Extracted data

▬▬▬

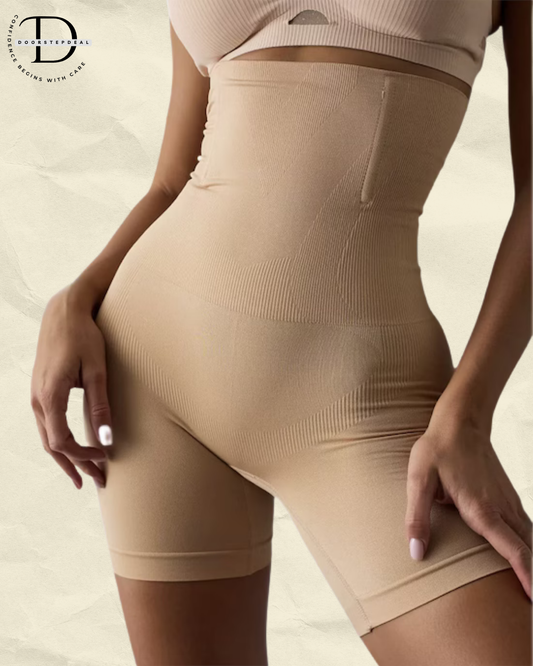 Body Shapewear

▬▬▬

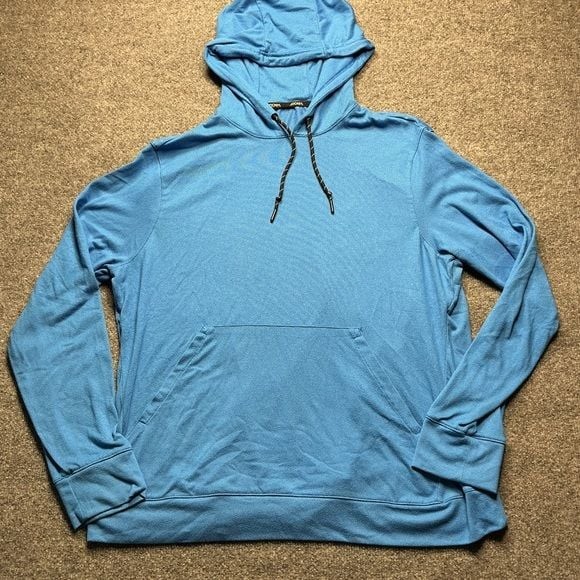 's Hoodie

▬▬▬

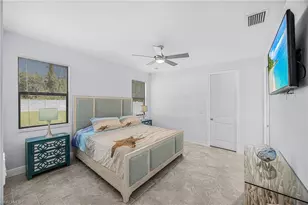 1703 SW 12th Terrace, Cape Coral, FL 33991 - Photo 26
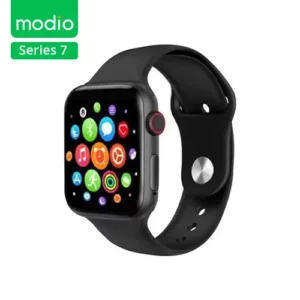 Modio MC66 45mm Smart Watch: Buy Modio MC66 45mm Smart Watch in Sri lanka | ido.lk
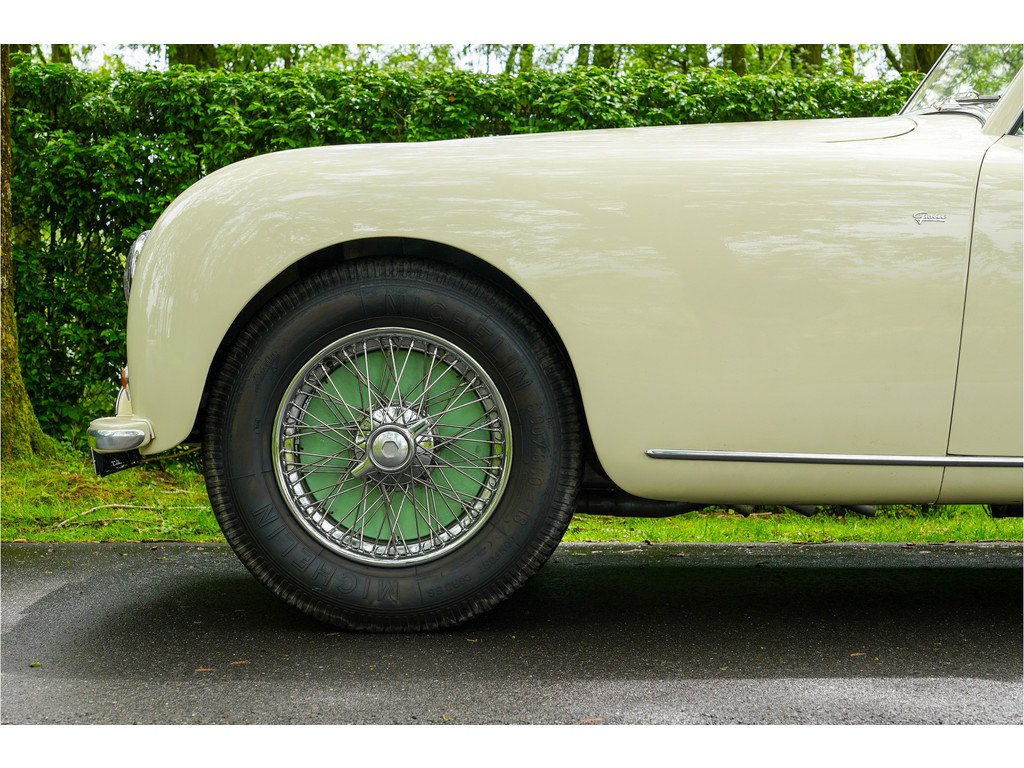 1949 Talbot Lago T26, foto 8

▬▬▬

Problem to solve
The stretch to restate runs from the line above containing "1703 SW 12th" through the line containing "1949 Talbot Lago T26, foto 8". Copy it word for word, ends included, without pictures.

Task result
 1703 SW 12th Terrace, Cape Coral, FL 33991 - Photo 26
 Modio MC66 45mm Smart Watch: Buy Modio MC66 45mm Smart Watch in Sri lanka | ido.lk
 1949 Talbot Lago T26, foto 8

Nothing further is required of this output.